Rumpus: In each section of My Mother’s Funeral, you return to your parents’ love story, recreating those early years since their first meeting. You even imagine your mother’s fears and dreams and lust on the night they make love for the first time. How did you approach writing about your mother’s history? Can you discuss the difficulties in recreating these very personal moments?
Páramo: My mother was a very passionate woman. Her lust for life was as intense as her lust for my father. The way she listened to boleros, with that dramatic shudder at the end of the good ones. She was never shy to admit that my dad was hard to resist or how well-endowed he was—thanks, Mom! The hours, days, months, years she and I spent alone at home—while my older sisters worked—which she used to tell me all about her growing up in idyllic Mariquita, my dad’s courtship, the marriage, that turbulent honeymoon, their crazy relocations. In retrospect, it was almost as if, by virtue of being her youngest and therefore the only one available to vent with, she appointed me her personal historian. I think that, unwittingly, Mom wanted to transcend, to leave me something that I, somehow, someday, would memorialize.
Rumpus: How difficult is it to write about real people rather than fictional characters? How did your family react to the book?
Páramo: Jaqui, you know as well as I do that I can’t write fiction. I’m obsessed with real life and enamored with nonfiction as a genre.

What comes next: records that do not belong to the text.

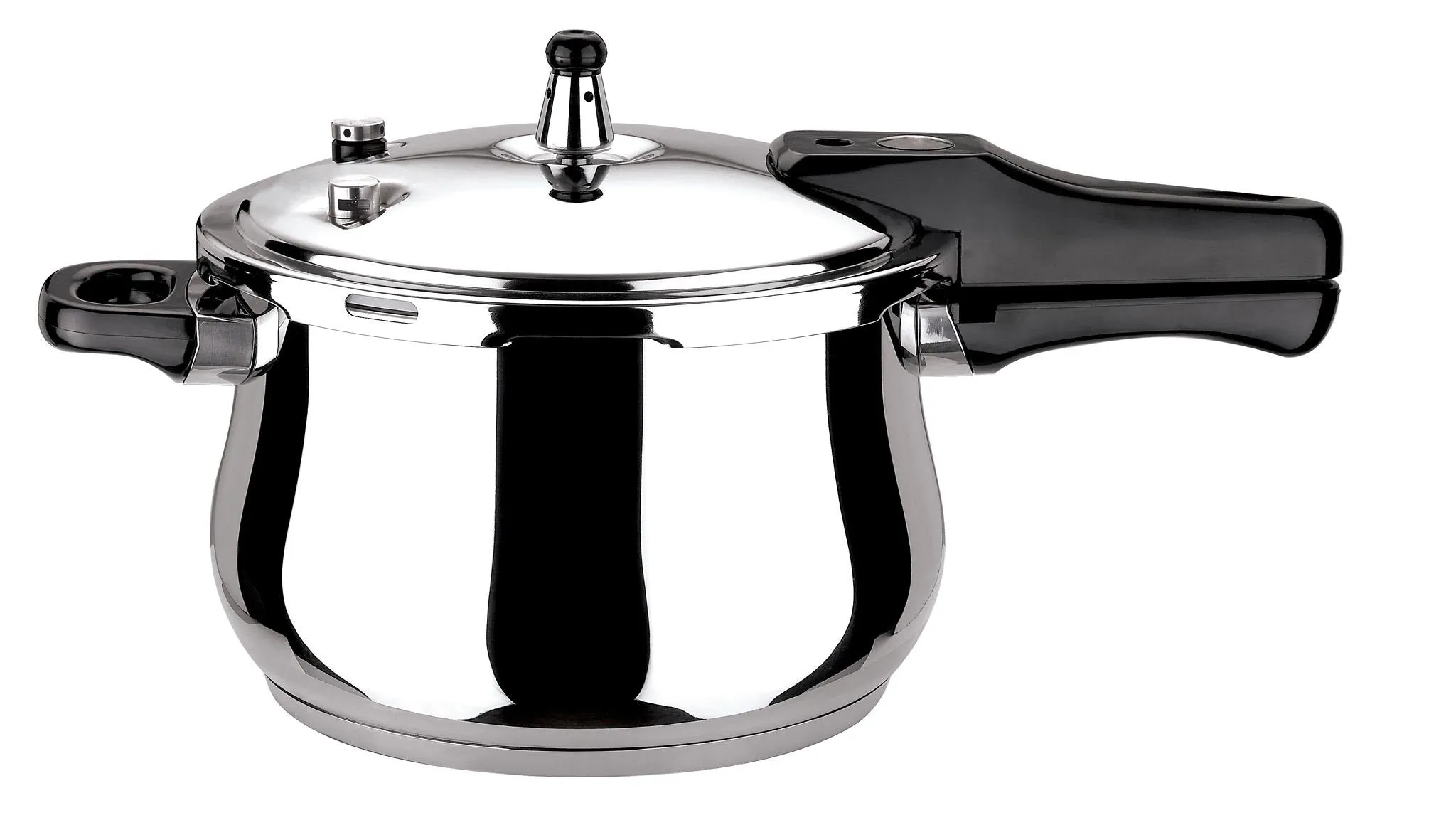 18 cm Pressure Cooker Heavy Duty Double Bottom with Extra Plastic Ring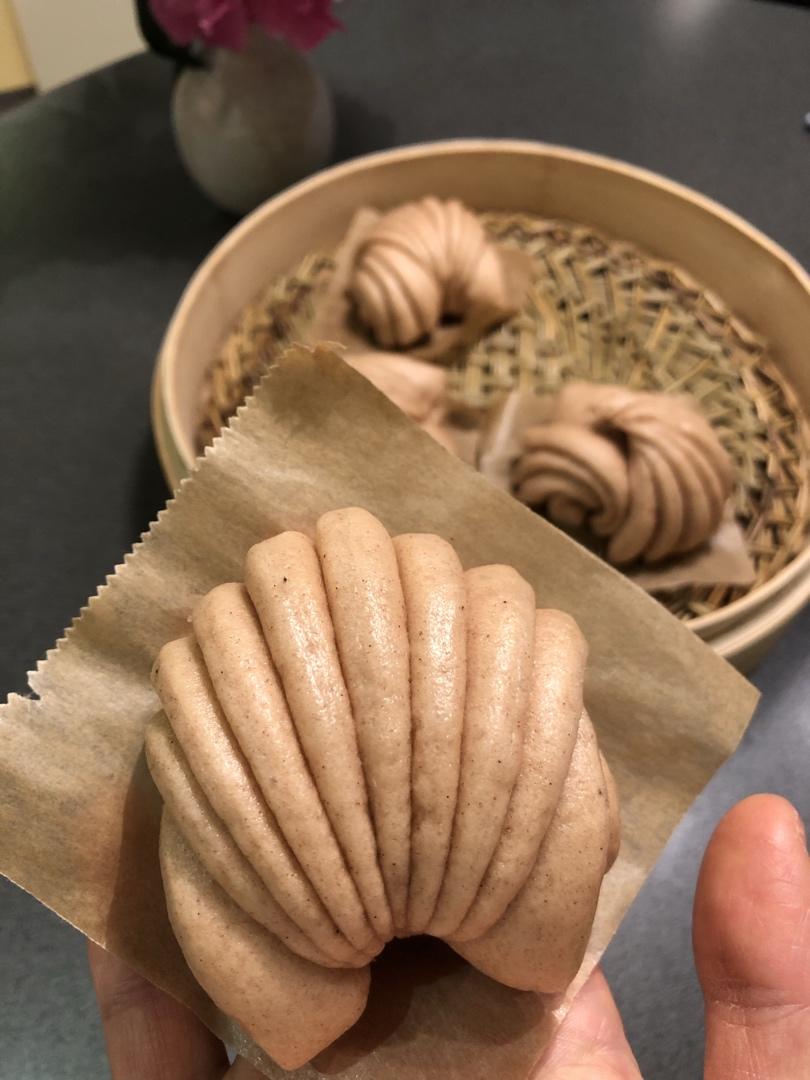 造型漂亮做法超简单的，花卷馒头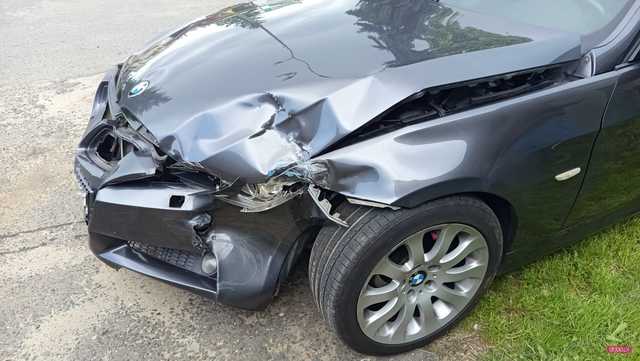 Zderzenie bmw i renault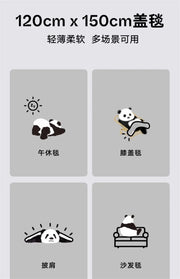 Panda Two-in-one Throw Pillow Blanket for Sofa or Bed or Car Pillows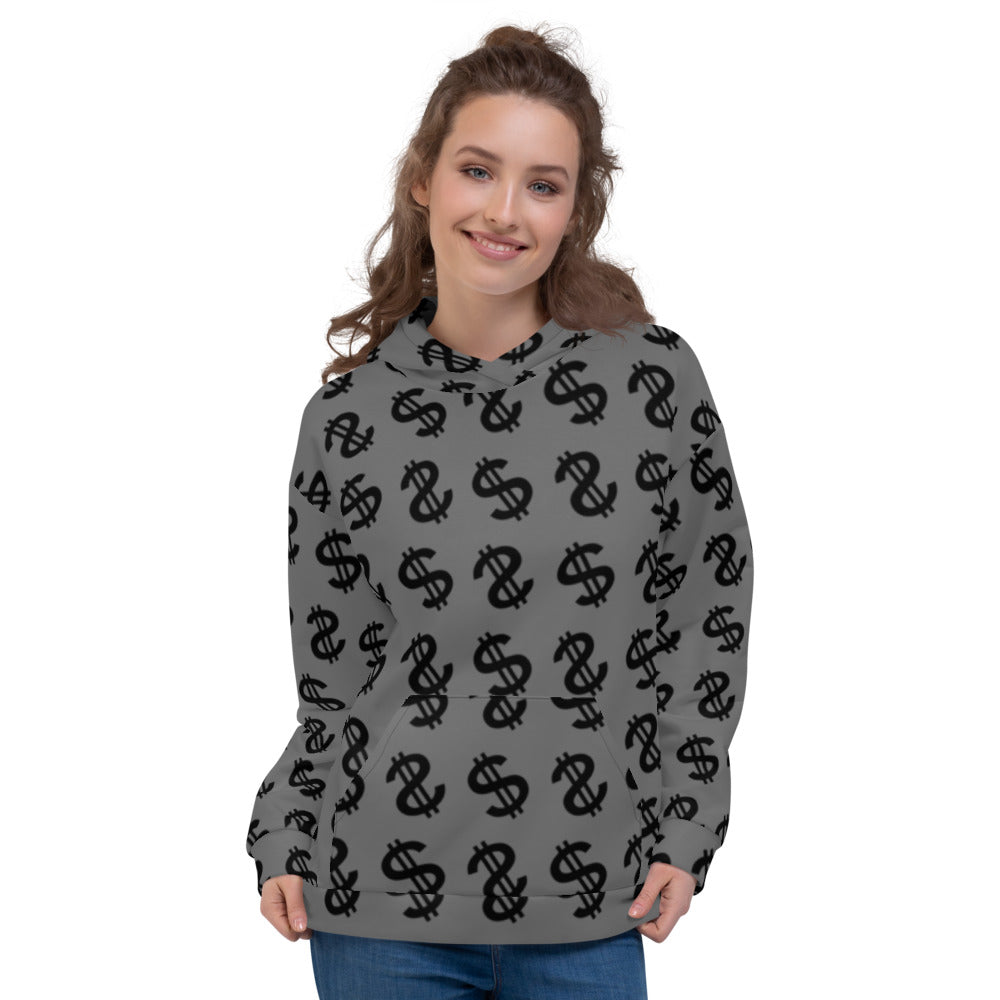 Cash Money Pattern Unisex Hoodie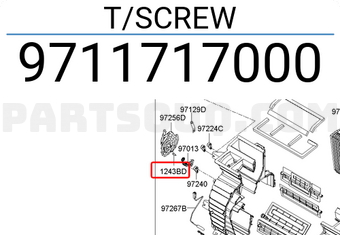 Hyundai / KIA 9711717000 T/SCREW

Maybe I have control issues, but what I love about nonfiction is the control I have over the stories I write. They have clear boundaries and I like moving between clear margins. A deep knowledge of a personal story allows me to go there, to dig deeper and to reveal as little or as much as I consider ethical and/or aesthetical. There are no characterization surprises during the writing and because I don’t have to work shaping a fictional character, this frees up a lot of time which I use to focus on tone, setting, and language.
How did my family react to the book? After the initial elation and the congratulations and the excitement, the nagging question came up again: when are you going to get a real job? I’m not kidding. My sisters don’t take my writing seriously. They think it is a lovely, lovely hobby but worry that I’ll never get a real job. I wrote about the way we were forty years ago and, of course, we’re not the same people now. I always felt that because I was the youngest, I was Mom’s baby, her favorite child. Unfortunately, one of my sisters felt the same way and was profoundly hurt by my assertion that I was closest to Mom. Another sister did not appreciate my recreation of mom’s first nights as a married woman. She accused me of fictionalizing a true story, of romanticizing a violent period and a brutal awakening, of trivializing my mother’s life.
What can I say? How can I contest those charges? Neither of us was there to see the events unfold, neither of us knows what actually happened, all we have is our own personal interpretation. It’s like writing third-hand accounts as nonfiction. Like historical nonfiction. But individual perceptions aside, because of the book, I believe we’ve had meaningful moments of mutual recognition and the kind of communion that only sisters understand.